Combo Daguerre Live at the Symphony Space NYC 11/13 (CANCELLED)

Music that sounds like Serge Gainsbourg trying to write his 1960s French pop while living in Colombia, and perhaps being a little high on ayahuasca.- WNYC (NPR)
Show Cancelled
Symphony Space, Thursday November 13
https://www.symphonyspace.org/events/revelry-combo-daguerre
“Conan sings in French with the timbre and worldly wit of a latter-day Leonard Cohen”
Who is Combo Daguerre?
Combo Daguerre performs all original French language chanson with a mostly Latin crew and a hybrid style informed by boleros, cumbia, 60s rock, French music and 1930s surrealism.
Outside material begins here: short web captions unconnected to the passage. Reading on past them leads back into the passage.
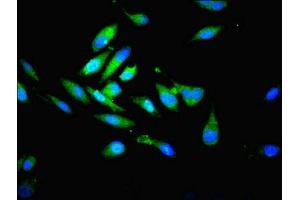 Immunofluorescent analysis of Hela cells using ABIN7164986 at dilution of 1:100 and Alexa Fluor 488-congugated AffiniPure Goat Anti-Rabbit IgG(H+L) (PSMB7 antibody  (AA 44-275))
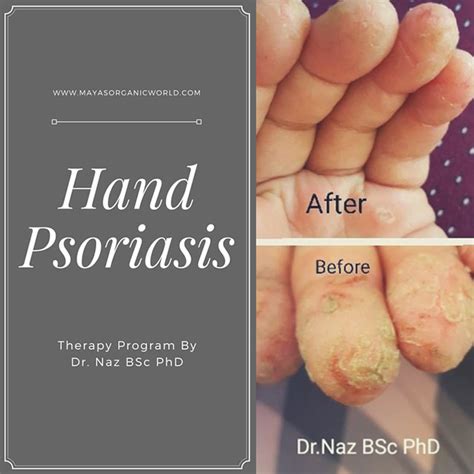 Hand Psoriasis | Maya's Organic World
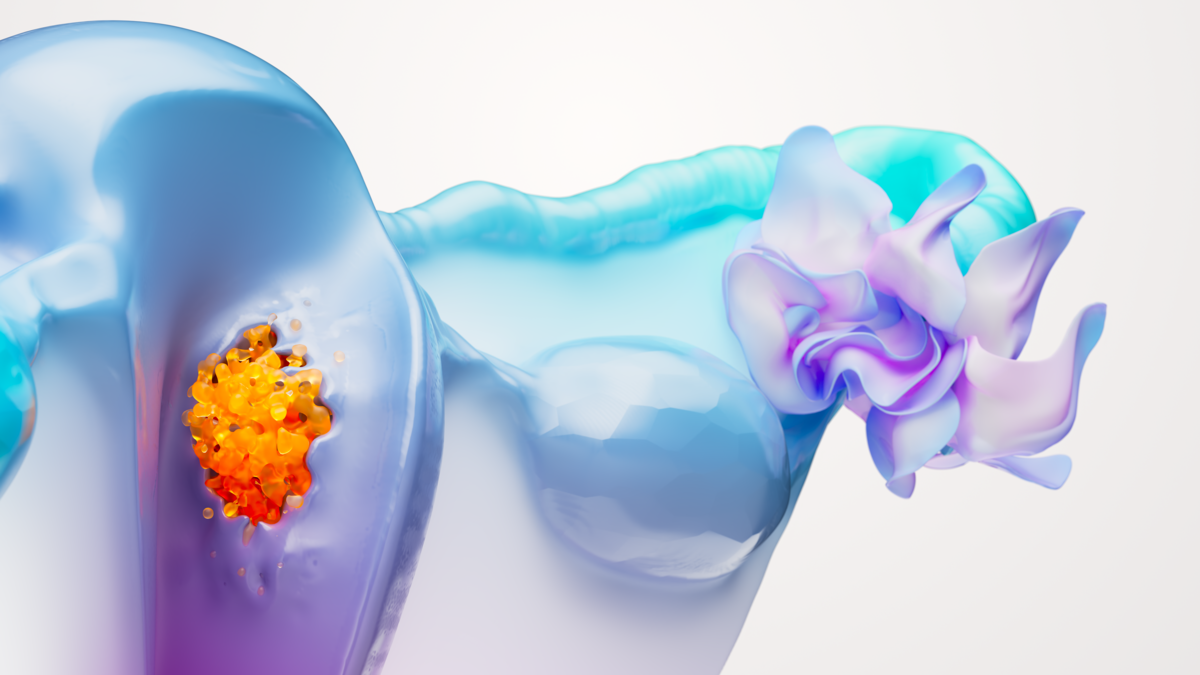 Cáncer de endometrio el segundo más  frecuente entre cánceres ginecológicos
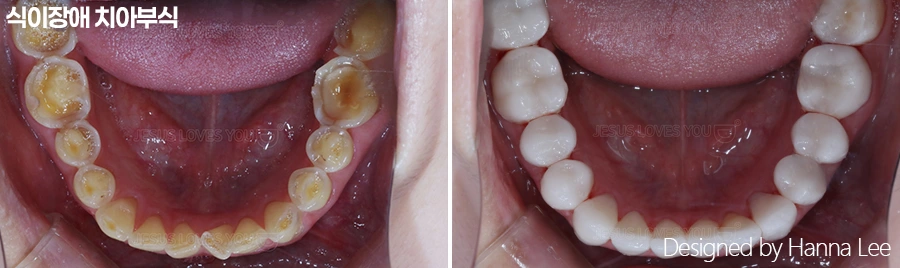 Lower-arch tooth wear: inside-mouth comparison at Harue Dental Clinic. Lower-arch tooth wear: inside-mouth comparison. Paired dental views in the clinic-supplied left-to-right order.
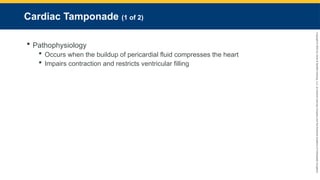 Copyright
©
2023
by
Jones
&
Bartlett
Learning,
LLC,
an
Ascend
Learning
Company
and
the
American
Academy
of
Orthopaedic
Surgeons.
Cardiac Tamponade (1 of 2)
 Pathophysiology
 Occurs when the buildup of pericardial fluid compresses the heart
 Impairs contraction and restricts ventricular filling
 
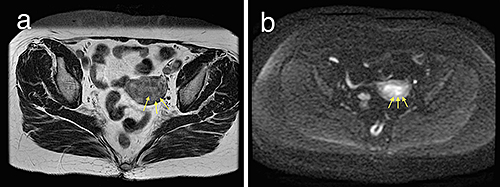 Fig. 2. Findings on contrast-enhanced magnetic resonance imaging. a On T2-weighted imaging, junctional zone was unclear especially on the posterior wall (arrows) and further high intensity from the endometrium area suggested myometrial invasion of the cancer. b High intensity in diffusion-weighted image and low intensity of apparent diffusion coefficient was consistent with myometrial invasion on T2-weighted imaging (arrows).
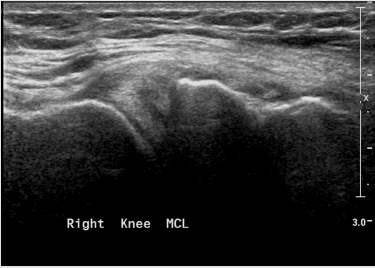biomedres-openaccess-journal-bjstr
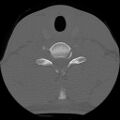 C5 facet fracture (Radiopaedia 58374-65499 Axial bone window 66).jpg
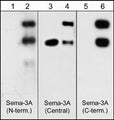 Western blots of neonatal rat brain (lanes 1, 3 & 5) and human recombinant Sema3A/Fc chimera (95/125 kDa) (lanes 2, 4 & 6). Blots were probed with anti-Sema3A (SP1401) (lanes 1 & 2), anti-Sema3A (SP1221) (lanes 3 & 4) and anti-Sema3A (SP1241) (lane 5 & 6). The antibodies recognize both the 95 kDa and 125 kDa forms of the recombinant Sema3A.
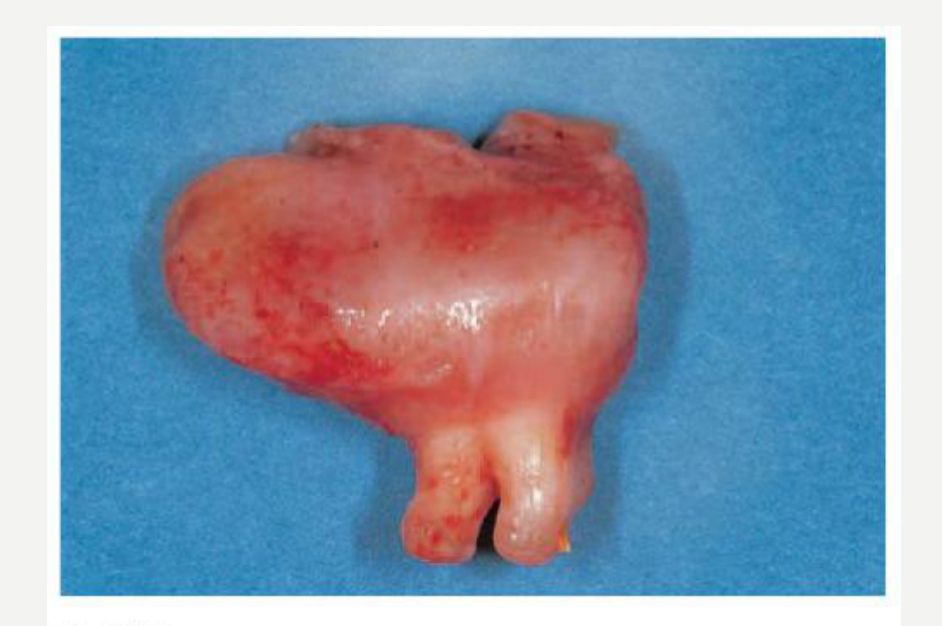 Fig. 7.15 Dentigerous cyst. This cyst has been removed together with its associated tooth. The cyst surrounds the crown and is attached at the cementoenamel junction.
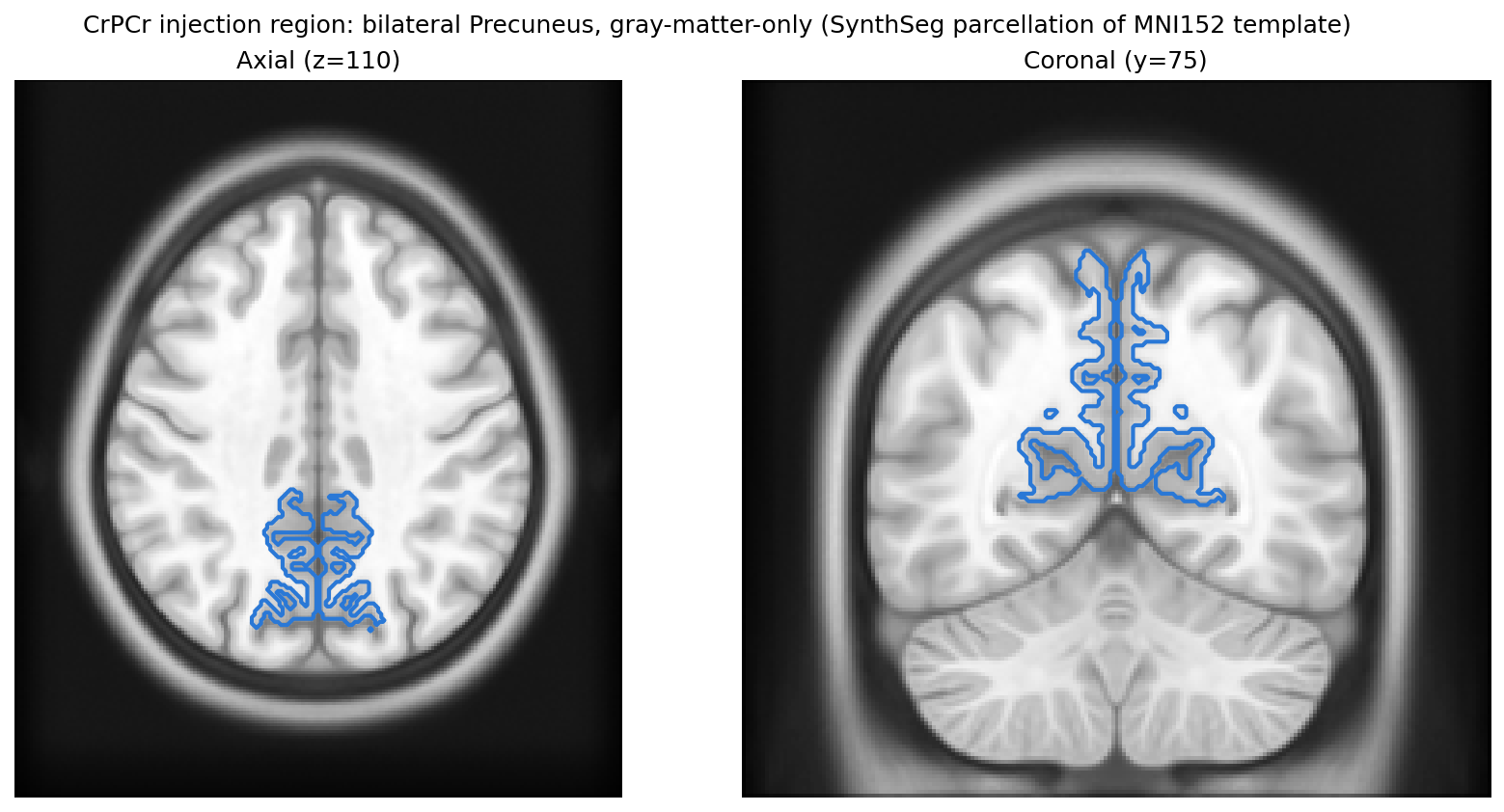 CrPCr injection region: bilateral Precuneus, gray-matter-only, from a SynthSeg parcellation of the MNI152 template itself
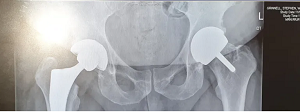 X Ray Hips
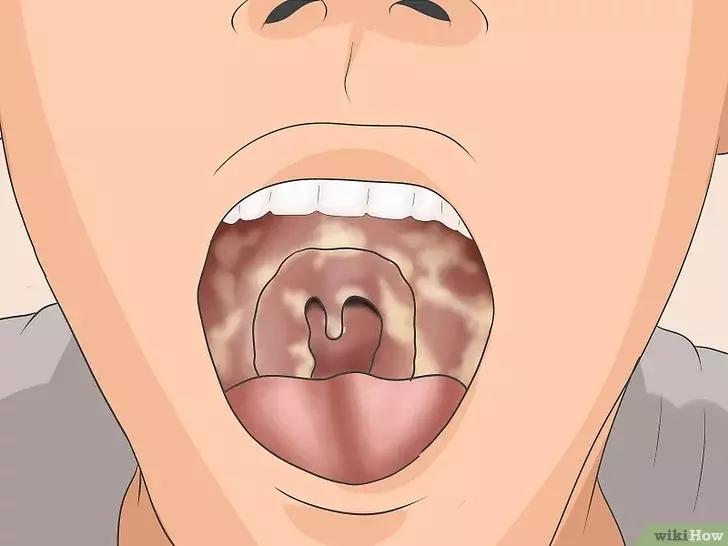 如何判断咽喉炎是不是细菌性感染,抗链球菌高引起的咽喉炎怎么治疗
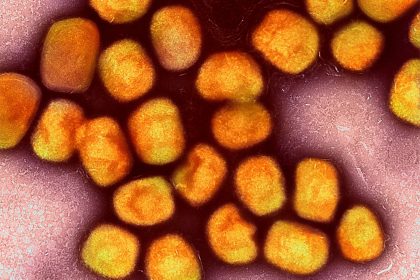 Bei Köln: Schule wegen Mpox vorsorglich geschlossen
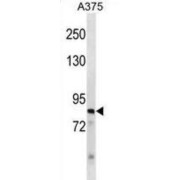 Zinc Finger Protein 148 (ZNF148) Antibody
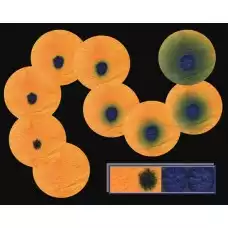 Тест-система для инвазивной экспресс-диагностики Helicobacter pylori по уреазной активности №100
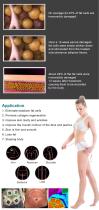 truSculpt ID-3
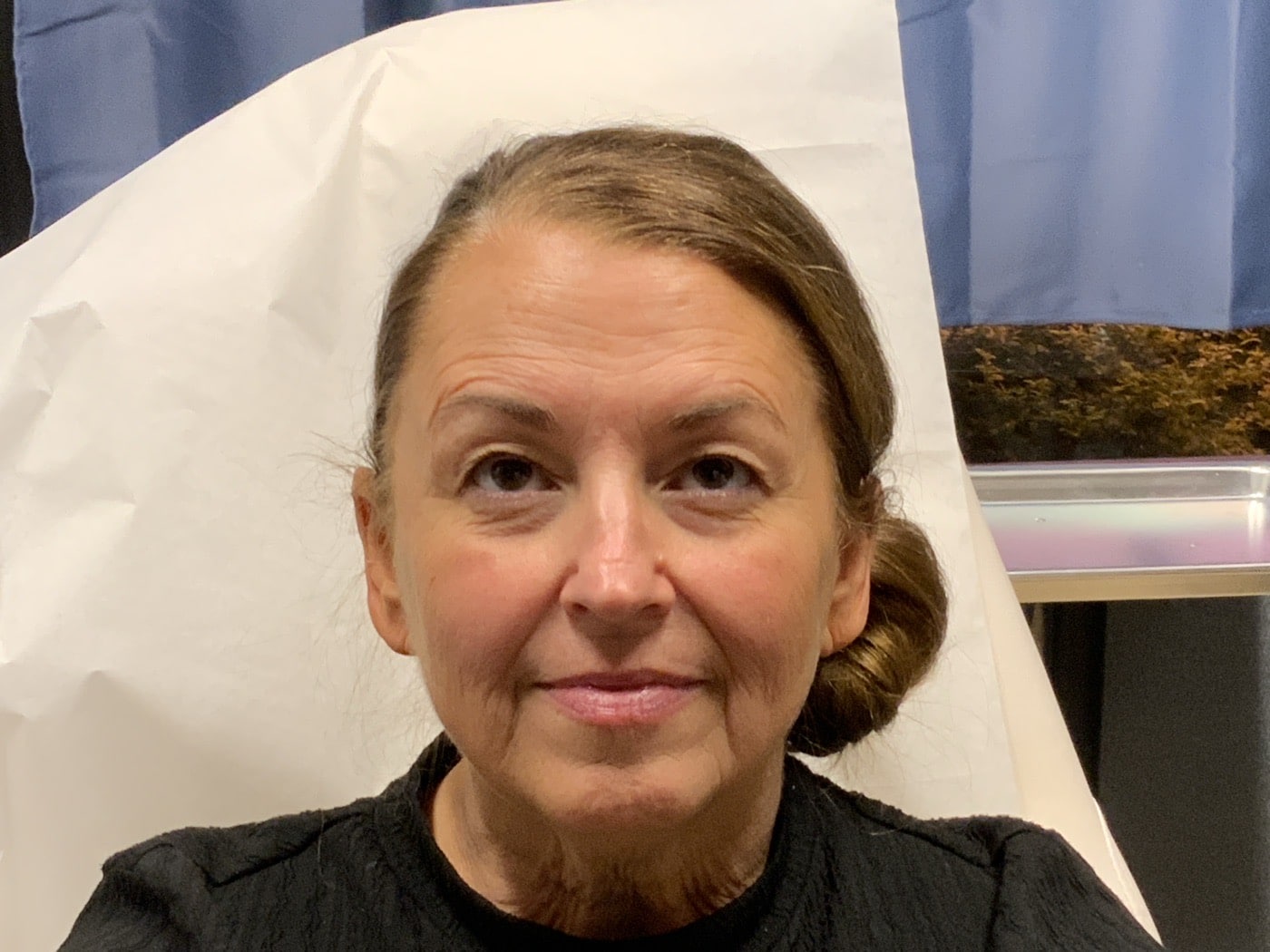 Before Image: Filler, Tox, VI Peel - front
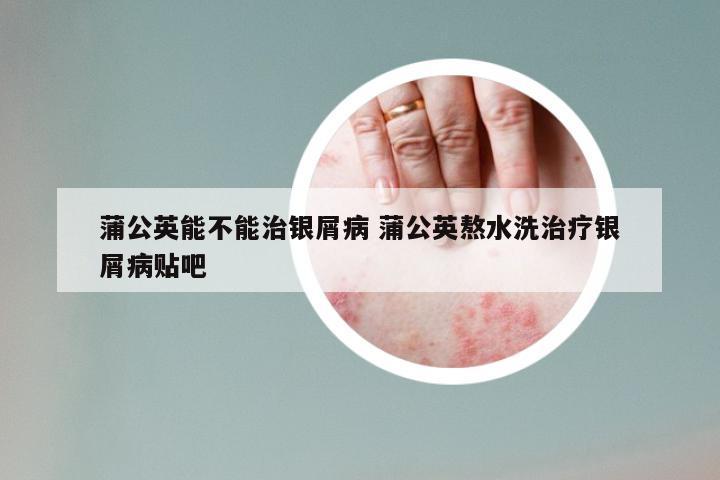 蒲公英能不能治银屑病 蒲公英熬水洗治疗银屑病贴吧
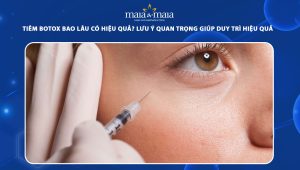 Tiêm botox bao lâu có hiệu quả? Những lưu ý quan trọng giúp duy trì hiệu quả lâu dài khi tiêm botox 79 tiêm botox bao lâu có hiệu quả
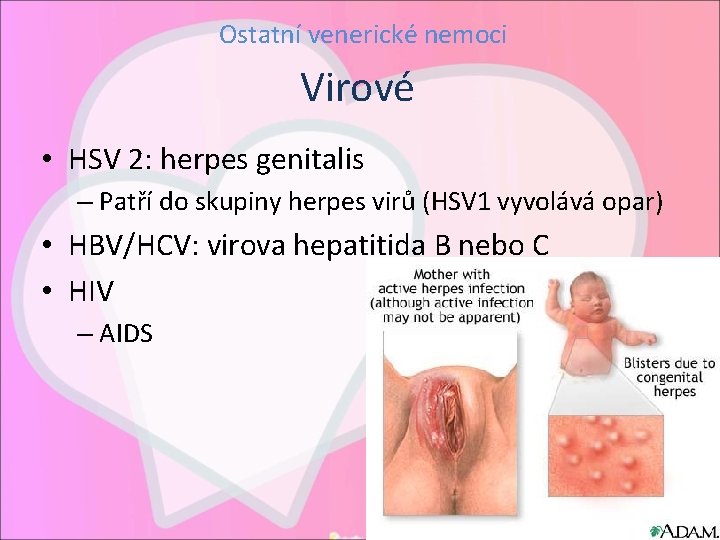 Ostatní venerické nemoci Virové • HSV 2: herpes genitalis – Patří do skupiny herpes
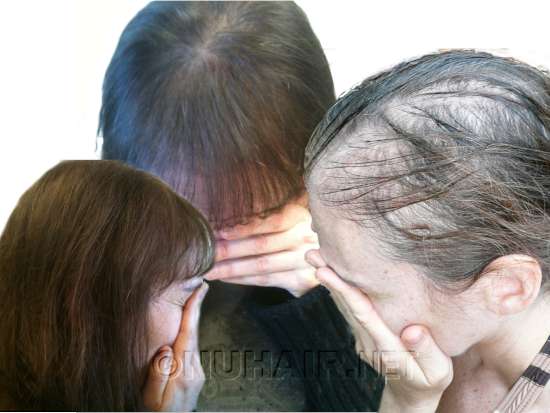 Laser Female Hair Treatment to Stop Hair Loss Dallas TX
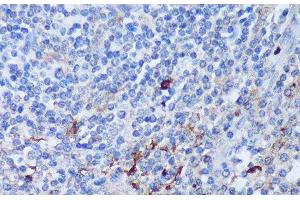 Immunohistochemistry of paraffin-embedded Human tonsil using PADI4 Polyclonal Antibody at dilution of 1:100 (40x lens). (PAD4 anticorps)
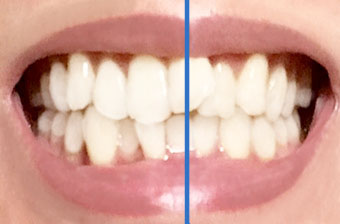 正中線と歯並びのバランス（Median line）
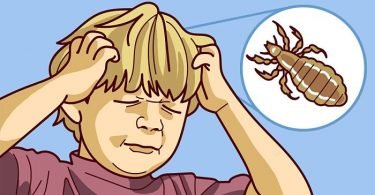 niño con piojos en la cabeza ilustración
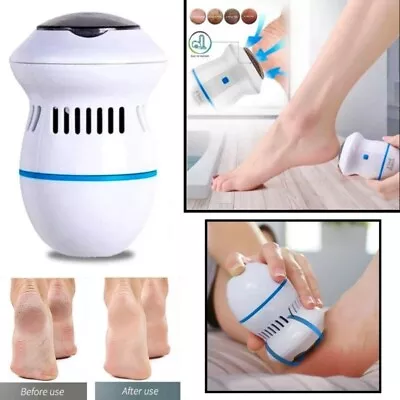 Foot Pedicure Grinder Remover Tool Automatic Polisher Dead Skin Callus Feet Care • £10.40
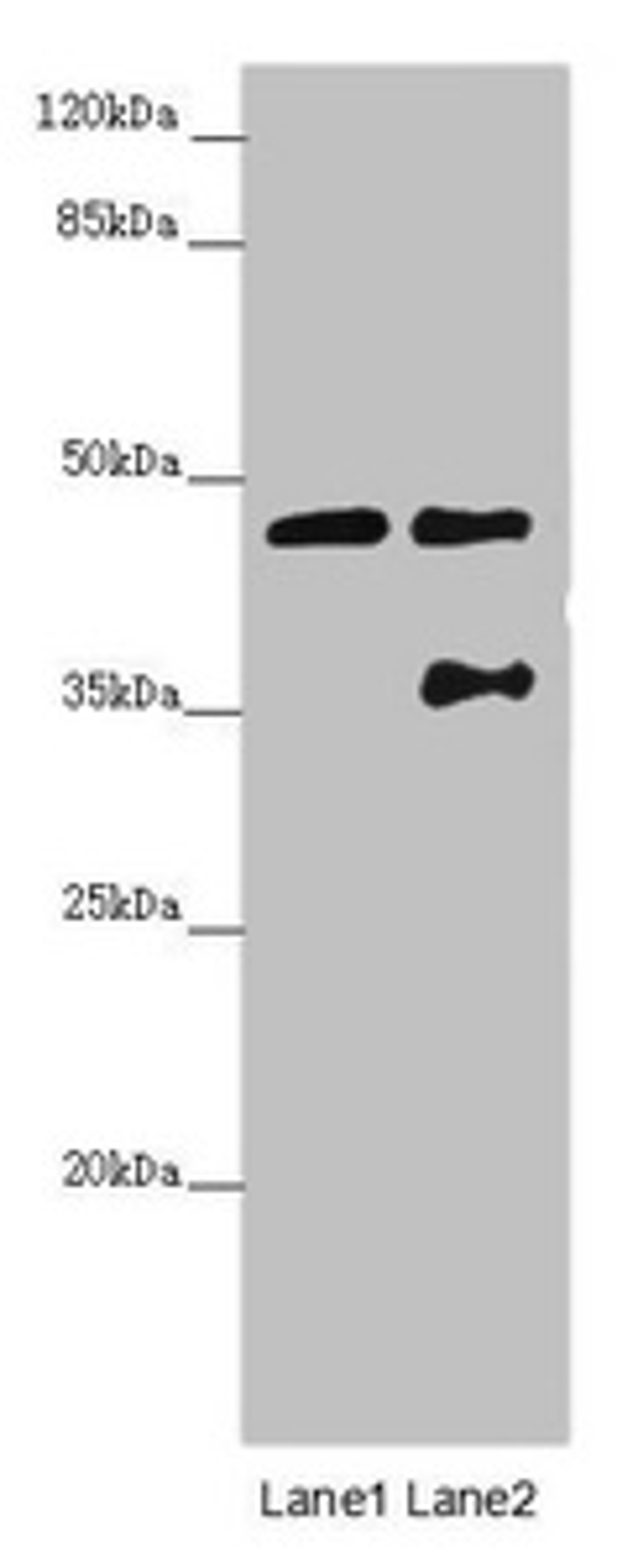 Western blot. All lanes: CEP44 antibody at 3.09 ug/ml. Lane 1: Jurkat whole cell lysate. Lane 2: MCF-7 whole cell lysate. Secondary. Goat polyclonal to rabbit IgG at 1/10000 dilution. Predicted band size: 44 kDa. Observed band size: 44, 36 kDa. 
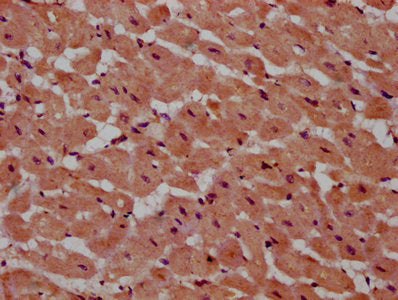 PSME4 Polyclonal Antibody - image 4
It is music filled with joy and darkness, deep grooves and dirges, nostalgia and futurism.
The combo is named after Daguerre, one of the inventors of photography, as well as the name of a street in the 14th arrondissement of Paris, steps away from where bandleader Olivier Conan grew up – a street lovingly documented by Nouvelle Vague filmmaker Agnès Varda.
While the music is very much rooted in Brooklyn’s cultural hodgepodge, much of the lyrics deal with the ghosts of the past and the toxicity of nostalgia, with touches of surrealistic humor that ensures than none of it be taken too seriously. All songs are written in a French battered by decades of expatriation and peppered with oblique references to France’s pop and literary past.
Band Members
Band members are all active on New York’s rich indie Latin scene (Tipa, Tipo, Banda Chuska, Locobeach) and come from Peru, Colombia, Puerto Rico, Venezuela – and Cajun country. All share a transplant’s vision of the world and its culture, giving the French language compositions a deeply cosmopolitan flavor. Combo Daguerre is: Adele Fournet (keyboards), Felipe Wurst (guitar). Andres Fonseca (drums), Neil Ochoa (percussion), Dan Martinez (bass, and Olivier Conan (cuatro and vocals).